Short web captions
.....
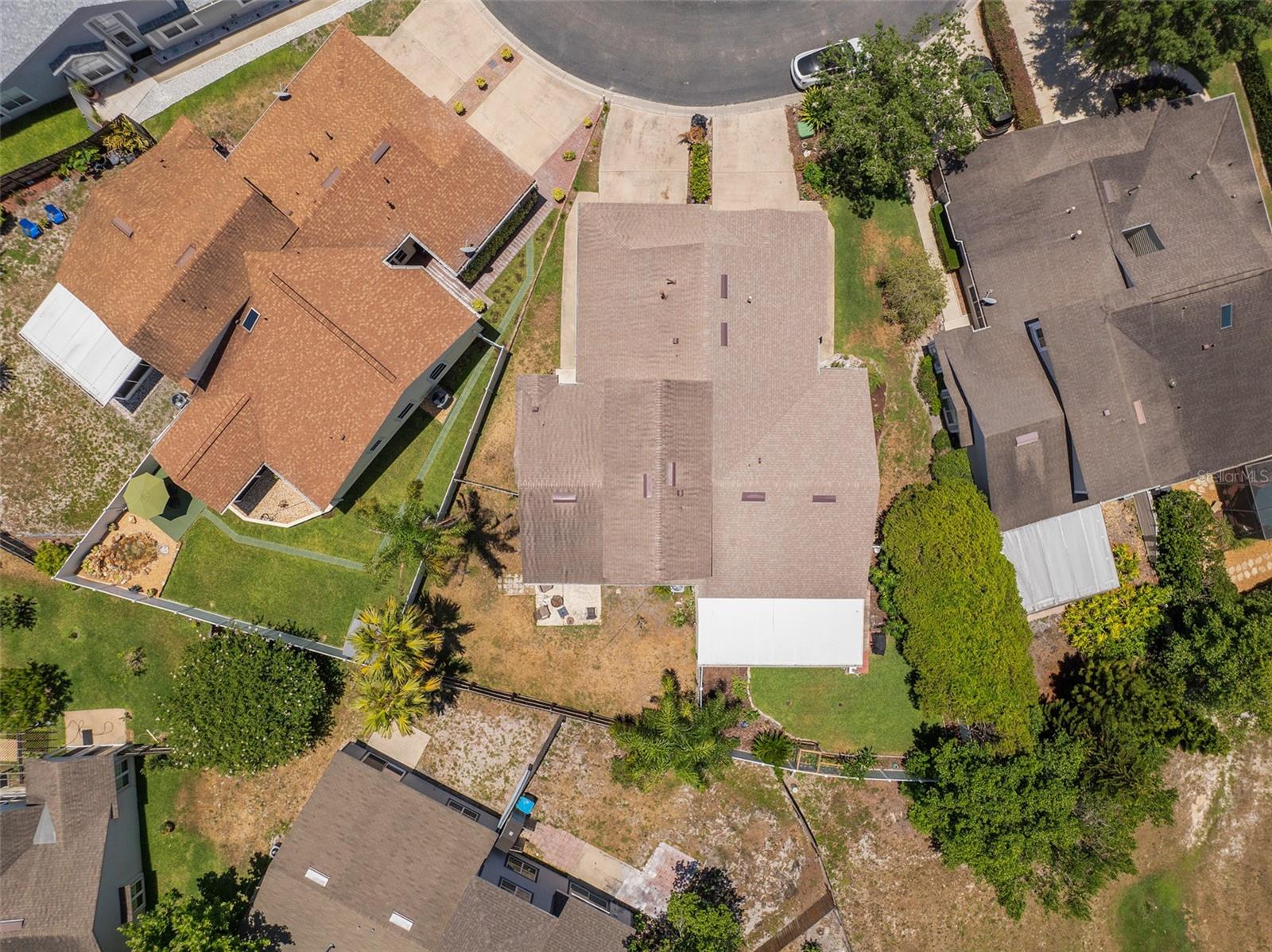 988 NORFOLK CT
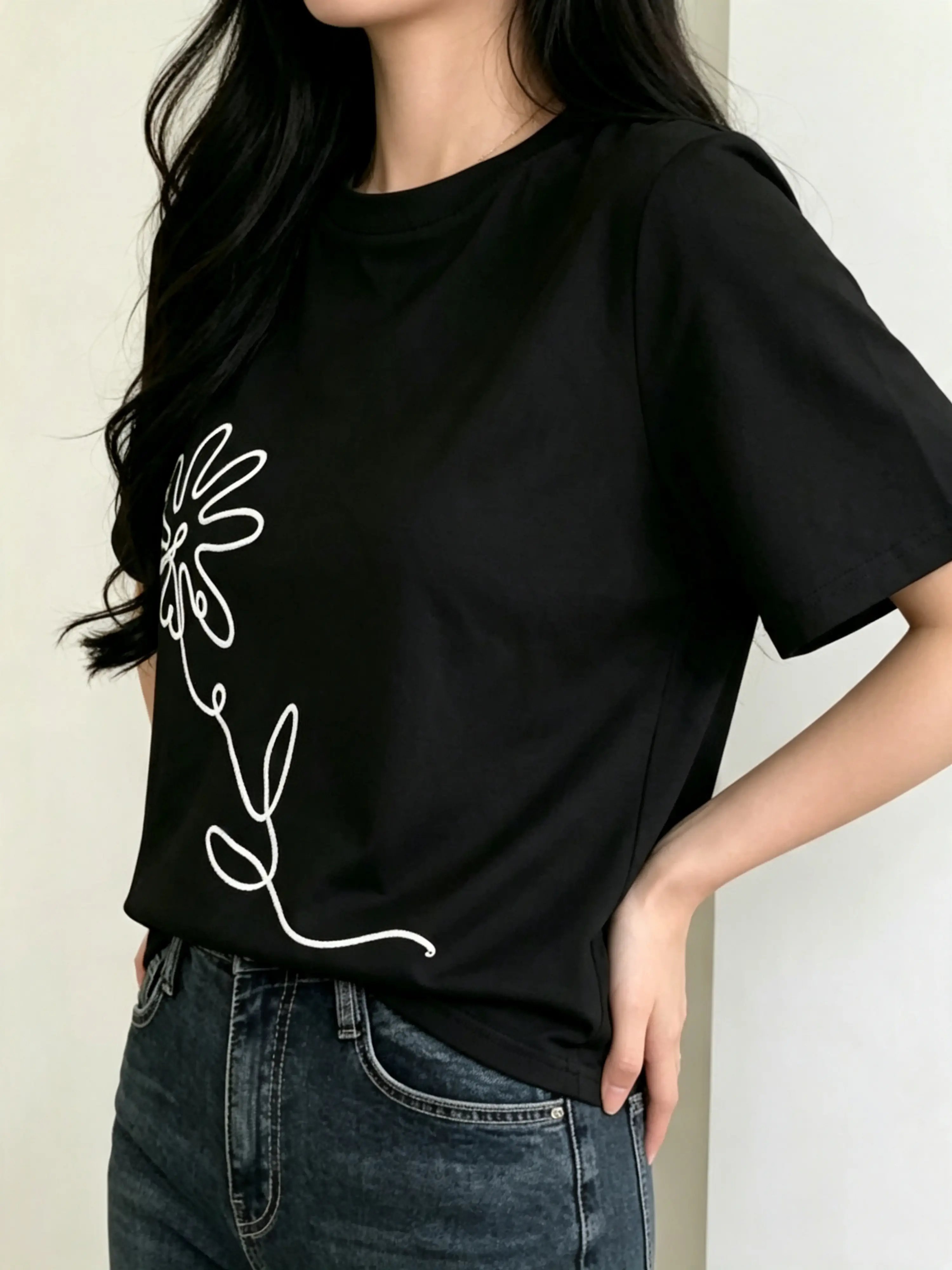Black Floral Line Art T-Shirt with Short Sleeve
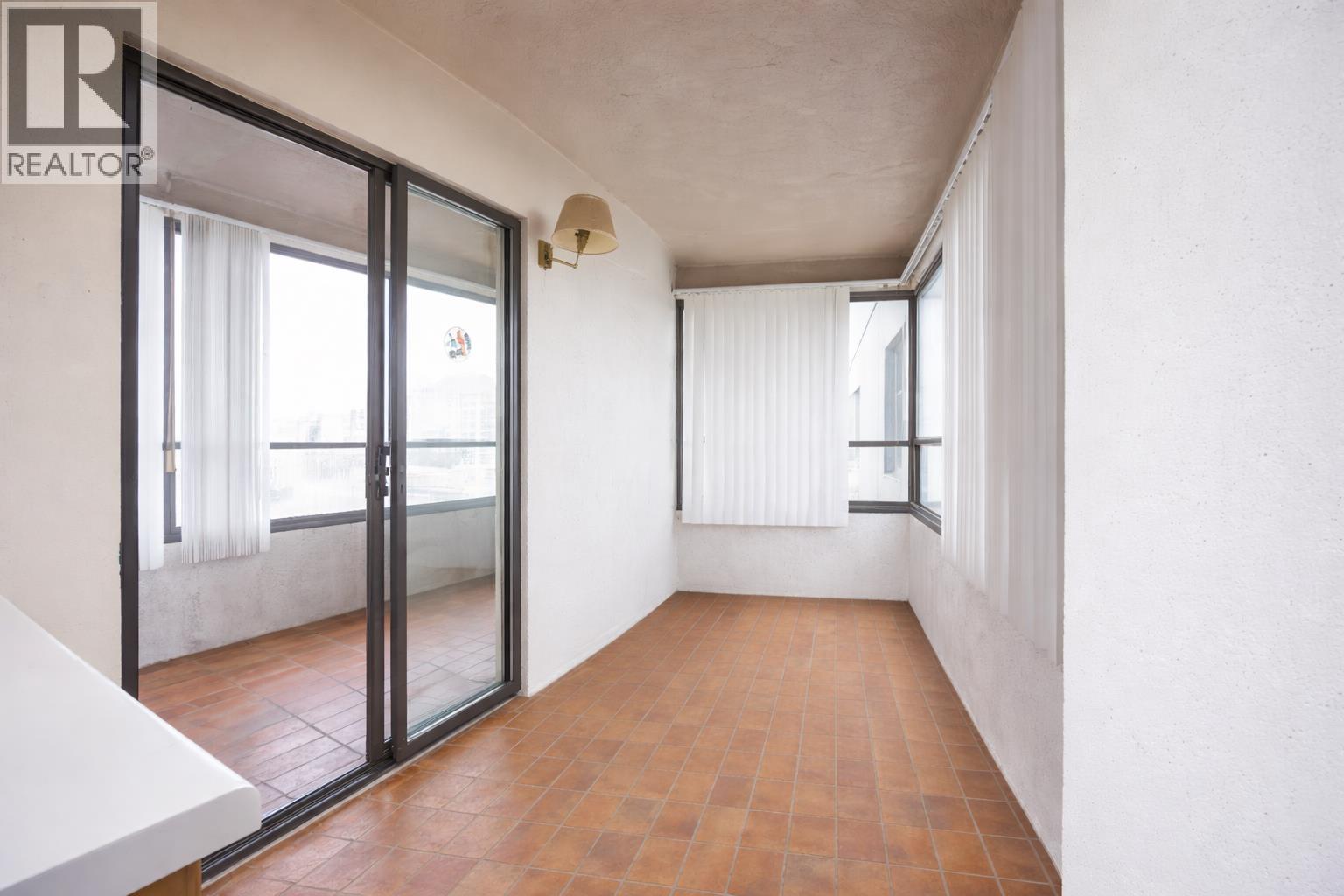 902 615 Belmont Street Property Photo 7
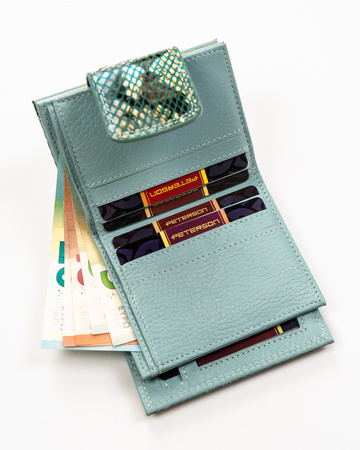 Portfel damski ze skóry naturalnej PETERSON PTN 42329-SFL Blue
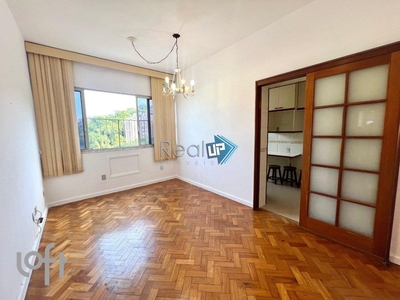 Apartamento à venda em Gávea com 85 m², 3 quartos, 1 vaga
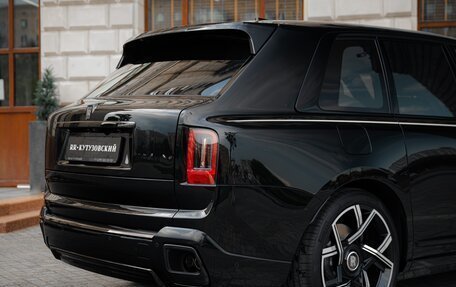 Rolls-Royce Cullinan, 2026 год, 69 000 000 рублей, 18 фотография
.....
» TASK STATEMENT:
Nothing but the lines from the line containing "Apartamento à venda" through the end of the records belongs in the answer, written out exactly, both ends included, without pictures.

» YOUR RESPONSE:
 Apartamento à venda em Gávea com 85 m², 3 quartos, 1 vaga
 Rolls-Royce Cullinan, 2026 год, 69 000 000 рублей, 18 фотография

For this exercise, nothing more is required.